SAS promotes butyrate production and limits colitis (A) Fecal acetate, butyrate, and propionate levels of germ-free (GF) or Jackson specific-pathogen-free (SPF) mice at day 14 post-treatment initiation with SAS, balsalazide (BSD), or water (H₂O) C. Graphs show data from 2 independent experiments. Error bars represent SEM. ∗∗p < 0.01; ANOVA with Tukey’s multiple comparison test. (B and C) Jackson SPF mice were treated with SAS or H₂O vehicle for 7 days and then exposed to 2% DSS ad libitum for 7 days. Treatments were maintained throughout the experiment. Percentage of survival (B) and lipocalin (C) are shown. Graph shows data from 2 independent experiments (H₂O, n = 9; SAS, n = 8; BSD, n = 9). (D and E) SPF Gpr109a^−/− and heterozygous (Het) littermate controls were treated with SAS or H₂O vehicle for 7 days and then exposed to 2% DSS ad libitum for 7 days. SAS treatment was maintained throughout the experiment. Percentage of survival (D) and cecal lipocalin (E) are shown. Graph shows data from 2 independent experiments (Het-H₂O, n = 7; Het-SAS, n = 6; Gpr109a^−/−-H₂O, n = 10; Gpr109a^−/−-SAS, n = 9).

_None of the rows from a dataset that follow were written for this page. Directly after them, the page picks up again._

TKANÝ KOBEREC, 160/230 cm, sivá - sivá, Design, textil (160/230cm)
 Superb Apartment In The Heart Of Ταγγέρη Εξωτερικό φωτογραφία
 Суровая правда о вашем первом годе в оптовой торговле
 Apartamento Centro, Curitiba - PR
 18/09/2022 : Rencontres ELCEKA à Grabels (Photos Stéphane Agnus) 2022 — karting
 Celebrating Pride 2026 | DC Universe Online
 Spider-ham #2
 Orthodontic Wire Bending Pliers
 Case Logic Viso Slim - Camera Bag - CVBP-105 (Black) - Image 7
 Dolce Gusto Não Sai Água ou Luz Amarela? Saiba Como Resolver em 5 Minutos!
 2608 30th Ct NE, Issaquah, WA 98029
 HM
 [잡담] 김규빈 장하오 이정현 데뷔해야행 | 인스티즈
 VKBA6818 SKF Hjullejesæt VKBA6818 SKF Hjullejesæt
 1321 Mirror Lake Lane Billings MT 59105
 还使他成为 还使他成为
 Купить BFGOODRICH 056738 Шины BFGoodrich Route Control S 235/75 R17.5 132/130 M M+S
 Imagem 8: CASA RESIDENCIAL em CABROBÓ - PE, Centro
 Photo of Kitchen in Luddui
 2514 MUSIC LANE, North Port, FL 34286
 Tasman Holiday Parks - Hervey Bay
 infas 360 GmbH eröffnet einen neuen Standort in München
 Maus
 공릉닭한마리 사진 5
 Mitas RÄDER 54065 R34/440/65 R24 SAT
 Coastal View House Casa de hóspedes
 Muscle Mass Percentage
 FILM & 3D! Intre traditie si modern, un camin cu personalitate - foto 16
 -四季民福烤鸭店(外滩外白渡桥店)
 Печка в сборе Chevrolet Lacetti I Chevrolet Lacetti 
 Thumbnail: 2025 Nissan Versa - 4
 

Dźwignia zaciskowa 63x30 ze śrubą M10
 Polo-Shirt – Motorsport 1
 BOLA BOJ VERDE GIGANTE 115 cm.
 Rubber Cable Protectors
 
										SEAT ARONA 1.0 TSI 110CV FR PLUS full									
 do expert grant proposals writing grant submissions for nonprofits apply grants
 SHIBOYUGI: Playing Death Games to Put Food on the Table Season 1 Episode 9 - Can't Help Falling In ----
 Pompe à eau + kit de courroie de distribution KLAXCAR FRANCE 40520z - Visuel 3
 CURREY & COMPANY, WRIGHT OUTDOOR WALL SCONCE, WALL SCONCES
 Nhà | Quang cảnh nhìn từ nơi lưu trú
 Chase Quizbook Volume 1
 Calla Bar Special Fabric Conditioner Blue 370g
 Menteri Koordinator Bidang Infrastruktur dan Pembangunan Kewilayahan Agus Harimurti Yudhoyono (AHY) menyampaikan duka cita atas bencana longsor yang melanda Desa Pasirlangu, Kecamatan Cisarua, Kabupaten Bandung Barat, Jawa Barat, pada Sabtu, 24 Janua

Survival analysis; ∗p < 0.05 and ∗∗p < 0.01; log-rank (Mantel-Cox) test. Boxplots present the median, 25th, and 75th percentiles; ANOVA with Kruskal-Wallis multiple comparison test; p values are shown.

Figure 5

SAS reduces colitis in gnotobiotic mice colonized with responder microbiomes or non-responder microbiomes with F. prausnitzii (A) Schematic of gnotobiotic mouse colonization. (B and C) Fecal butyrate per mg feces at 7 days after colonization prior to initiation of DSS. One representative of three responders (B) or non-responders (C) is shown as indicated. Error bars represent SEM; ∗p < 0.05, t test. (D–F) GF mice received fecal microbial transplants (FMTs) from three responders (D) or three non-responder subjects (E and F). F. prausnitzii group was orally gavaged with F. prausniztii prior to DSS (E and F). SAS treatment was initiated 14 days post-FMT and maintained throughout the experiment. Mice were exposed to 2% DSS ad libitum for 7 days starting 7 days post-SAS initiation. Weight loss and levels of lipocalin in cecal contents are shown (E and F). Graphs show average data (thick line) of three individual donors (thin line). Each thin line is average of n = 3–5 mice/donor. Dark lines are the average and SEM of pooled data from all three donors. Total responder-H₂O, n = 12; responder-SAS, n = 14; non-responder-H₂O, n = 10; non-responder-SAS, n = 13; non-responder + F. prausnitzii, n = 9; non-responder-SAS + F. prausnitzii, n = 9). Mixed-effects model (weight loss) or Kruskal-Wallis test with multiple comparison (lipocalin). p values are shown. Error bars represent SEM; ∗p < 0.05, ∗∗p < 0.01, and ∗∗∗∗p < 0.0001.